INFORMATION SUPPLIED —
-------

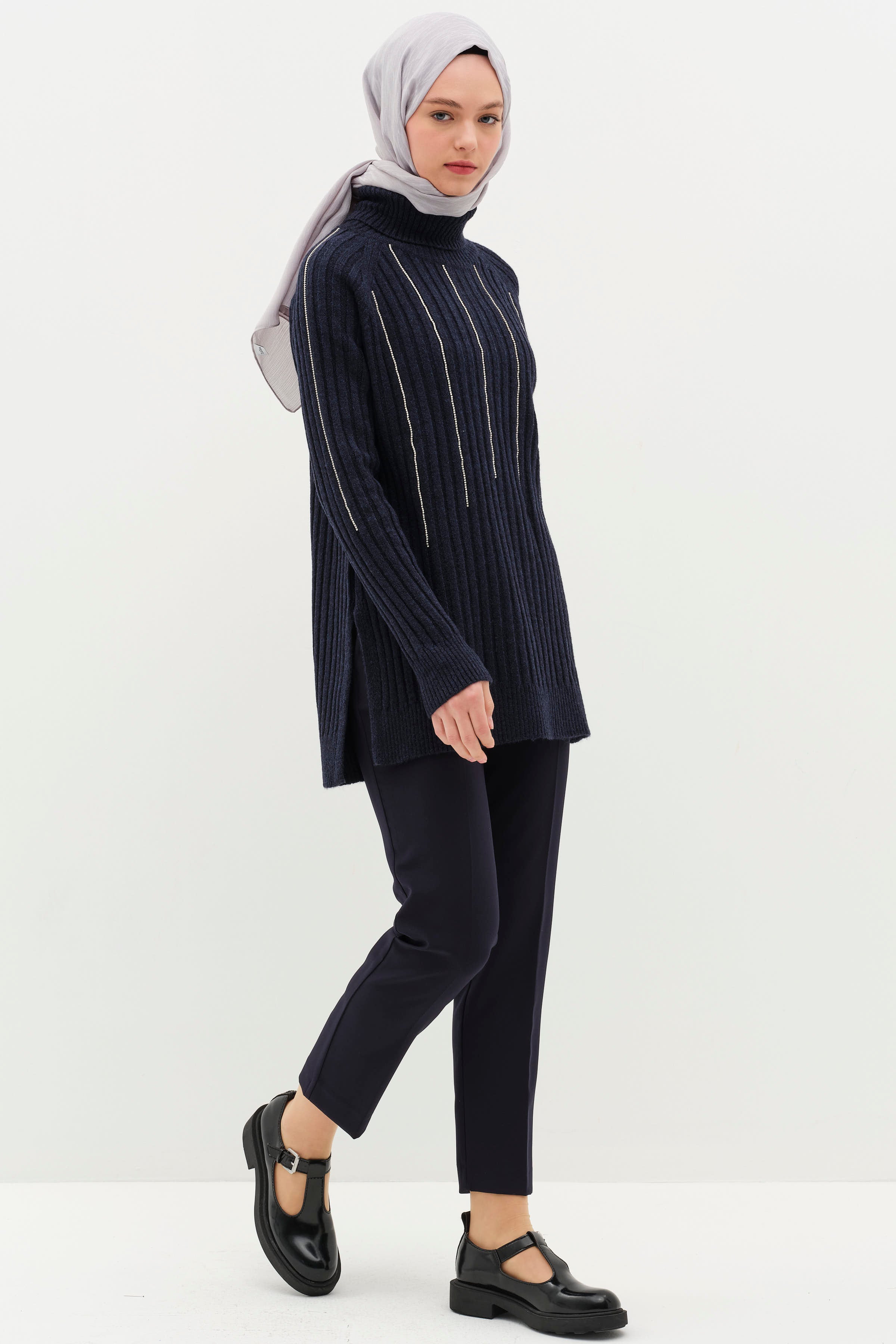 Beli Lastikli Havuç Pantolon - Lacivert TUGBA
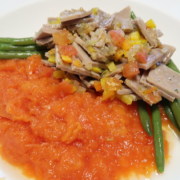 Papayastampf mit Siedfleisch und Bohnen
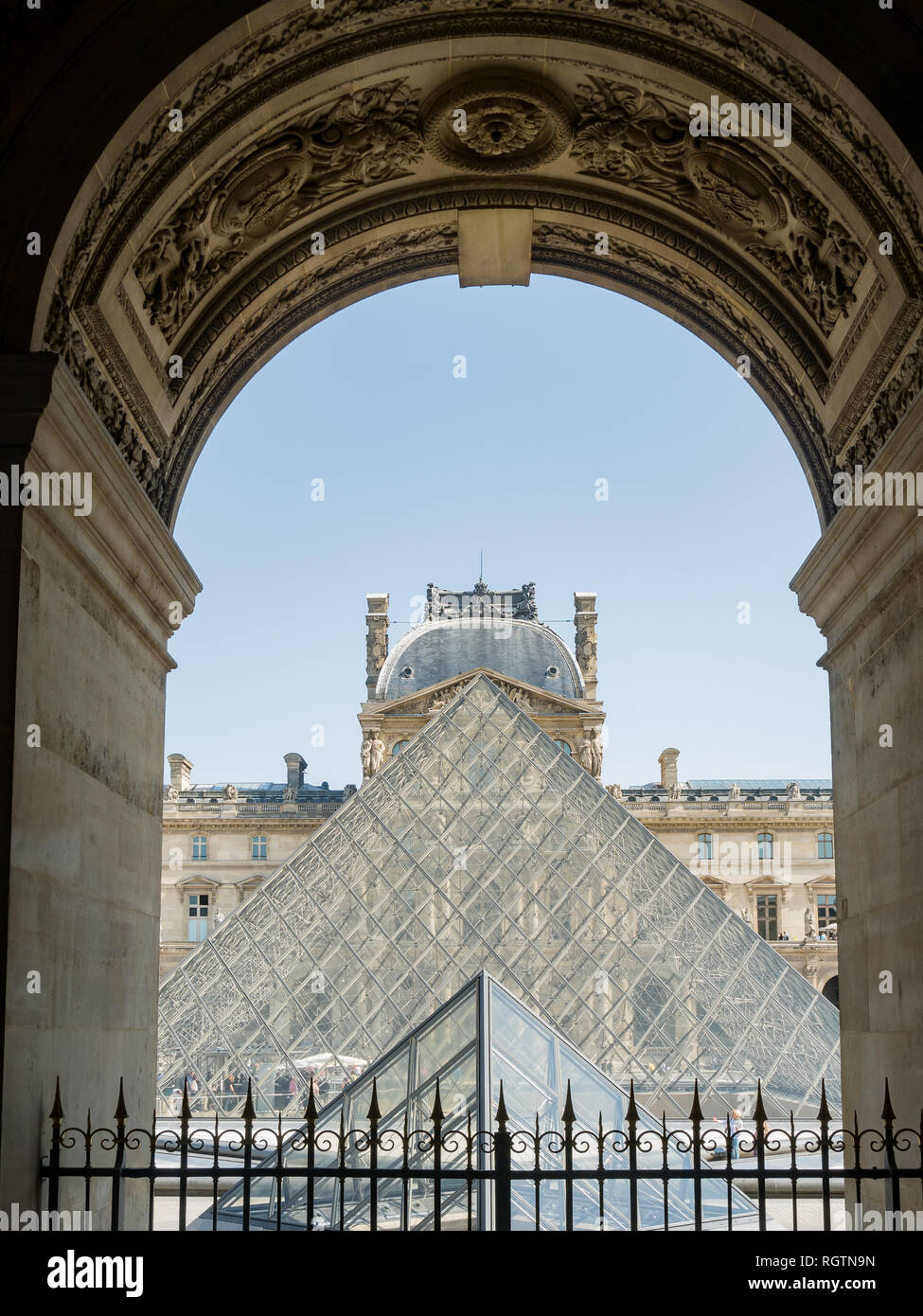 Francia, 7 maggio: vista esterna della famosa piramide e dal museo del Louvre, il 7 maggio 2018 a Parigi, Francia Foto Stock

-------

DIRECTIONS FOR THIS TASK —
Reproduce the material exactly; keep pictures out.

ANSWER FOR THE TASK —
 Beli Lastikli Havuç Pantolon - Lacivert TUGBA
 Papayastampf mit Siedfleisch und Bohnen
 Francia, 7 maggio: vista esterna della famosa piramide e dal museo del Louvre, il 7 maggio 2018 a Parigi, Francia Foto Stock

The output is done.